EXERCISE DETAILS ▸ Extract, exactly and without pictures, every line from the one that includes "لثورة 30 يونيو" through the final line of the material below.

RECORDED DATA ▸

- Opening Delimiter -

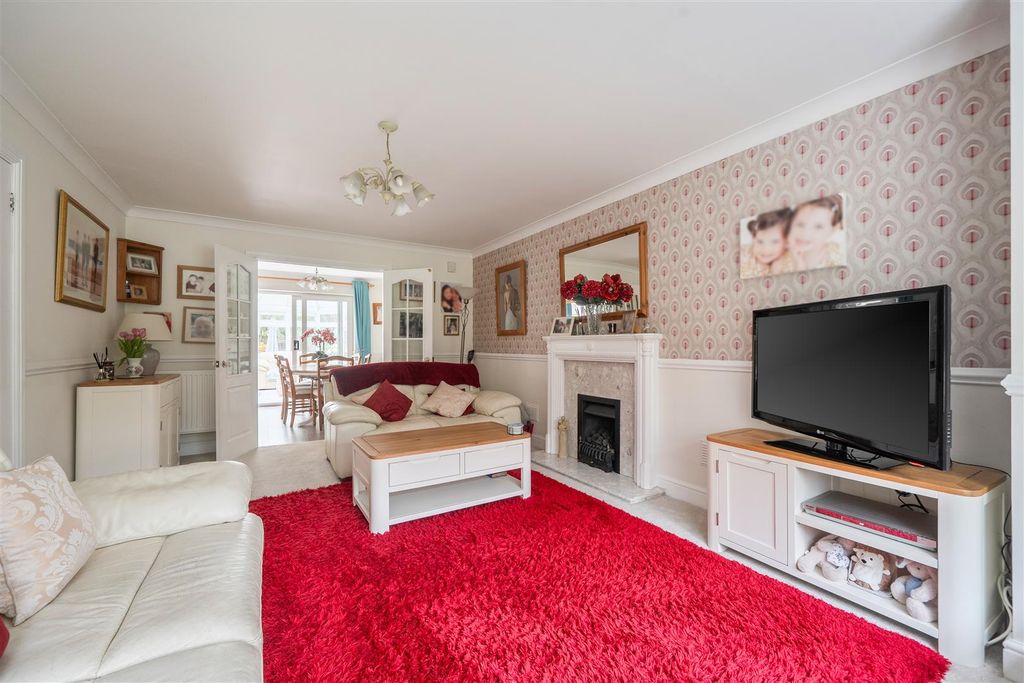 Additional image 5 of 4 bed detached house for saleBarker Close, Arborfield, Berkshire RG2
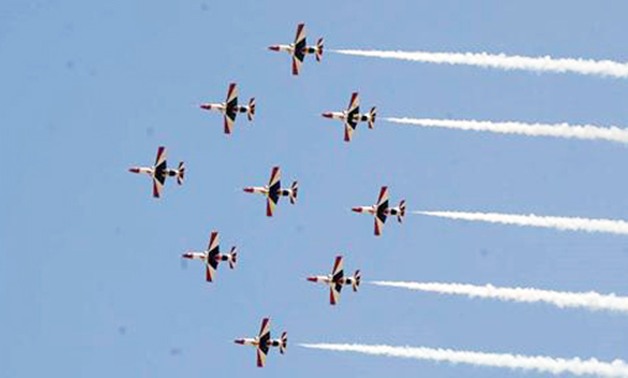 مقاتلات "إف 16" تحلق فى سماء مدينة نصر احتفالًا بالذكرى الثالثة لثورة 30 يونيو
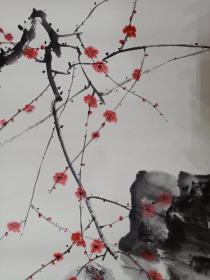 保真书画，高译《梅花奇石图》国画一幅，原装裱镜心，尺寸136×68cm。高译现为北京大学艺术学院美术学系教授，北京大学中国画高研班工作室导师，中国画硕士研究生导师，中国美术家协会会员，中国书法家协会会员，中华美学会会员。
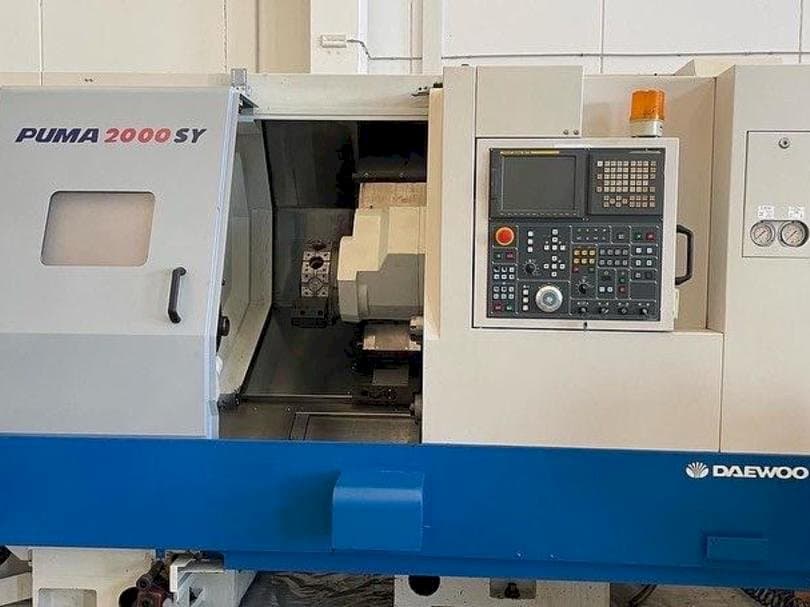 Vooraanzicht  van Doosan Puma 2000SY  machine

- Closing Delimiter -

OUTPUT FOR THIS EXERCISE ▸
 مقاتلات "إف 16" تحلق فى سماء مدينة نصر احتفالًا بالذكرى الثالثة لثورة 30 يونيو
 保真书画，高译《梅花奇石图》国画一幅，原装裱镜心，尺寸136×68cm。高译现为北京大学艺术学院美术学系教授，北京大学中国画高研班工作室导师，中国画硕士研究生导师，中国美术家协会会员，中国书法家协会会员，中华美学会会员。
 Vooraanzicht  van Doosan Puma 2000SY  machine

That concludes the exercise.